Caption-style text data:
____

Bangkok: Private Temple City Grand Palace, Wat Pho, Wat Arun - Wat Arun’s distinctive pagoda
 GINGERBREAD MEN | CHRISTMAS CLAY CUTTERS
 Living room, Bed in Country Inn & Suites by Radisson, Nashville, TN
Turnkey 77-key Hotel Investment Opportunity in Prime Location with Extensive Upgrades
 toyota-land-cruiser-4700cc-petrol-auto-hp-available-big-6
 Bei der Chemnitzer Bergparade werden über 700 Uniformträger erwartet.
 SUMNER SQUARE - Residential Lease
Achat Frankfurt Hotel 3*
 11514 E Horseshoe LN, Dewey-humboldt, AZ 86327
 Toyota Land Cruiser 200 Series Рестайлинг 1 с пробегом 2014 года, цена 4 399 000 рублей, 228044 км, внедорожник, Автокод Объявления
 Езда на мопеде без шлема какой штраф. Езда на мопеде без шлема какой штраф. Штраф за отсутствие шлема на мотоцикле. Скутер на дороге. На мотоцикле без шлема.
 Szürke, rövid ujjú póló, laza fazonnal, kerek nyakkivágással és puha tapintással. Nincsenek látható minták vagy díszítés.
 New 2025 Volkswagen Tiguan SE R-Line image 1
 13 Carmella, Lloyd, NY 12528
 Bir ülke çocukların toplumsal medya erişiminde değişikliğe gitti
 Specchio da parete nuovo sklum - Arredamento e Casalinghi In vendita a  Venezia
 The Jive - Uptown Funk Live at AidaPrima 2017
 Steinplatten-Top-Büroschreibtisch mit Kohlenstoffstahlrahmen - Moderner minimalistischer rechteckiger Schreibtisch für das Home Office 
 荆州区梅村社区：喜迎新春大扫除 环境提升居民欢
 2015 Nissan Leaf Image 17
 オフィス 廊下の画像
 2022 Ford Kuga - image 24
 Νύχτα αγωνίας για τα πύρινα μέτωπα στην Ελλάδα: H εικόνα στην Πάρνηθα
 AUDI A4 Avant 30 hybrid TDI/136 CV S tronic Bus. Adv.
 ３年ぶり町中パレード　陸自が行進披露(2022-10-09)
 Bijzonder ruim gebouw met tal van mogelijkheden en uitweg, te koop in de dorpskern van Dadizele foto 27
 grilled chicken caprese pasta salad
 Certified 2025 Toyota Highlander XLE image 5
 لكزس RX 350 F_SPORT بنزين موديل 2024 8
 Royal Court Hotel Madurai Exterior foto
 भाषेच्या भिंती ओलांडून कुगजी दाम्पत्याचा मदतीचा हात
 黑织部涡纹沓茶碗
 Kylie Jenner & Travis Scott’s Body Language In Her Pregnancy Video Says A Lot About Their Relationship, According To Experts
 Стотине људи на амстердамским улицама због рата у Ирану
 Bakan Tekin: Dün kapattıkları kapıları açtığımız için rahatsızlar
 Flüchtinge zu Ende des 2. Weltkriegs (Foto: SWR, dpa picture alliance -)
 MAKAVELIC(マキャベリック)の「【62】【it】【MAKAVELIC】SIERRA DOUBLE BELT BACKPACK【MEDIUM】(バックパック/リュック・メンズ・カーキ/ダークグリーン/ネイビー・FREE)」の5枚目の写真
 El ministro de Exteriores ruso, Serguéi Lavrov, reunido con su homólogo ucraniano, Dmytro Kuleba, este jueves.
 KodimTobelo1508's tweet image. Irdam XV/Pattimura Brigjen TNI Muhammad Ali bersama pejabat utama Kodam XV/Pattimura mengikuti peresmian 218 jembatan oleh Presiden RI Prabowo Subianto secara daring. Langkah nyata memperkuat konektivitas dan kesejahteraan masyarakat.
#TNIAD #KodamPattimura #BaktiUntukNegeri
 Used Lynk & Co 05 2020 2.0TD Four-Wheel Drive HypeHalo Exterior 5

____

• WHAT YOU HAVE TO DO
Reproduce verbatim the lines above, from the line with "Steinplatten-Top-Büroschreibtisch mit Kohlenstoffstahlrahmen" through the line with "KodimTobelo1508's tweet image.".

• EXERCISE RESPONSE
 Steinplatten-Top-Büroschreibtisch mit Kohlenstoffstahlrahmen - Moderner minimalistischer rechteckiger Schreibtisch für das Home Office 
 荆州区梅村社区：喜迎新春大扫除 环境提升居民欢
 2015 Nissan Leaf Image 17
 オフィス 廊下の画像
 2022 Ford Kuga - image 24
 Νύχτα αγωνίας για τα πύρινα μέτωπα στην Ελλάδα: H εικόνα στην Πάρνηθα
 AUDI A4 Avant 30 hybrid TDI/136 CV S tronic Bus. Adv.
 ３年ぶり町中パレード　陸自が行進披露(2022-10-09)
 Bijzonder ruim gebouw met tal van mogelijkheden en uitweg, te koop in de dorpskern van Dadizele foto 27
 grilled chicken caprese pasta salad
 Certified 2025 Toyota Highlander XLE image 5
 لكزس RX 350 F_SPORT بنزين موديل 2024 8
 Royal Court Hotel Madurai Exterior foto
 भाषेच्या भिंती ओलांडून कुगजी दाम्पत्याचा मदतीचा हात
 黑织部涡纹沓茶碗
 Kylie Jenner & Travis Scott’s Body Language In Her Pregnancy Video Says A Lot About Their Relationship, According To Experts
 Стотине људи на амстердамским улицама због рата у Ирану
 Bakan Tekin: Dün kapattıkları kapıları açtığımız için rahatsızlar
 Flüchtinge zu Ende des 2. Weltkriegs (Foto: SWR, dpa picture alliance -)
 MAKAVELIC(マキャベリック)の「【62】【it】【MAKAVELIC】SIERRA DOUBLE BELT BACKPACK【MEDIUM】(バックパック/リュック・メンズ・カーキ/ダークグリーン/ネイビー・FREE)」の5枚目の写真
 El ministro de Exteriores ruso, Serguéi Lavrov, reunido con su homólogo ucraniano, Dmytro Kuleba, este jueves.
 KodimTobelo1508's tweet image. Irdam XV/Pattimura Brigjen TNI Muhammad Ali bersama pejabat utama Kodam XV/Pattimura mengikuti peresmian 218 jembatan oleh Presiden RI Prabowo Subianto secara daring. Langkah nyata memperkuat konektivitas dan kesejahteraan masyarakat.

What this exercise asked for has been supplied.